━━━━━ MATERIALS PROVIDED ━━━━━
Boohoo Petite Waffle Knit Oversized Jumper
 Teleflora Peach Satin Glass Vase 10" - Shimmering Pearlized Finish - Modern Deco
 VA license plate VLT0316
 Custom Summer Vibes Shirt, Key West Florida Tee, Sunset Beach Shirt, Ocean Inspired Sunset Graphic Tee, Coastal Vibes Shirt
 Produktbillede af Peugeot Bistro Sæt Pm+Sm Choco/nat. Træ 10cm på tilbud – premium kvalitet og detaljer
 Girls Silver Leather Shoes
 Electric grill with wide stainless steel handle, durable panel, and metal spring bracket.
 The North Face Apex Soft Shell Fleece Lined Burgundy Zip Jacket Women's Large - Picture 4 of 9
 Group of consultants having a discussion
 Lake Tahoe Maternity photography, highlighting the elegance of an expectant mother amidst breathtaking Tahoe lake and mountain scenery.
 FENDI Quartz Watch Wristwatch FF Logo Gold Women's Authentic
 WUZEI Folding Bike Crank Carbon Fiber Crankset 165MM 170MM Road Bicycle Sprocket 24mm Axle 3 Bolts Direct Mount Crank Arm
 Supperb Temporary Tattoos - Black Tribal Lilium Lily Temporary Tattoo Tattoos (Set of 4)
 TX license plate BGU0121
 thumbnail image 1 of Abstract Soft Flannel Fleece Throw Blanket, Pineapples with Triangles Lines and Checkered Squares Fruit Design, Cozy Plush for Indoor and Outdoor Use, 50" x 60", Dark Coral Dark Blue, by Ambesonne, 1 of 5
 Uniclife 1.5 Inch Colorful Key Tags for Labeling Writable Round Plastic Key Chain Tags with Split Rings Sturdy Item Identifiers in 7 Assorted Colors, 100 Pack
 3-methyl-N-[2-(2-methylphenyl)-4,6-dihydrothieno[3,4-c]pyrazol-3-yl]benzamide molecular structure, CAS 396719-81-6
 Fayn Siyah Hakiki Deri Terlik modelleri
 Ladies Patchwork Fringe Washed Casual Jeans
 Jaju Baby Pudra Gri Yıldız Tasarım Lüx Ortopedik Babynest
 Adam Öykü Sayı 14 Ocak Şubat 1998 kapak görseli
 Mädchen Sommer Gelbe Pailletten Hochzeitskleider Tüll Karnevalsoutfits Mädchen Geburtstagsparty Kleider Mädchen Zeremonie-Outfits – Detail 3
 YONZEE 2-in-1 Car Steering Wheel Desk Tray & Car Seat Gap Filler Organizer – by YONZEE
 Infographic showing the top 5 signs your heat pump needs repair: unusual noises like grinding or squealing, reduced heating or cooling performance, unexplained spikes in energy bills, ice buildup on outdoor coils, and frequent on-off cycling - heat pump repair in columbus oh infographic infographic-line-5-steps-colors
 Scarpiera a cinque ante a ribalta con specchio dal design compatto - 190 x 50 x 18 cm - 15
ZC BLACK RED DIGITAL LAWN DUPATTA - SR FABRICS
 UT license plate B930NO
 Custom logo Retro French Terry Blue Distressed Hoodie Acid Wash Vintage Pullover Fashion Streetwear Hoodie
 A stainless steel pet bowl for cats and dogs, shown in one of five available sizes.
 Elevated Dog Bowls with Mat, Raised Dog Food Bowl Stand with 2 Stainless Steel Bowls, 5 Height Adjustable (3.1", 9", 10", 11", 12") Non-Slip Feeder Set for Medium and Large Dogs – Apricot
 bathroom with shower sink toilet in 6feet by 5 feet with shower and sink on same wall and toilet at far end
━━━━━
— INSTRUCTIONS TO FOLLOW —
Your answer should consist of the lines from the line with "Elevated Dog Bowls" through the last line of the data, set down exactly, both included.

— COMPLETED TASK —
 Elevated Dog Bowls with Mat, Raised Dog Food Bowl Stand with 2 Stainless Steel Bowls, 5 Height Adjustable (3.1", 9", 10", 11", 12") Non-Slip Feeder Set for Medium and Large Dogs – Apricot
 bathroom with shower sink toilet in 6feet by 5 feet with shower and sink on same wall and toilet at far end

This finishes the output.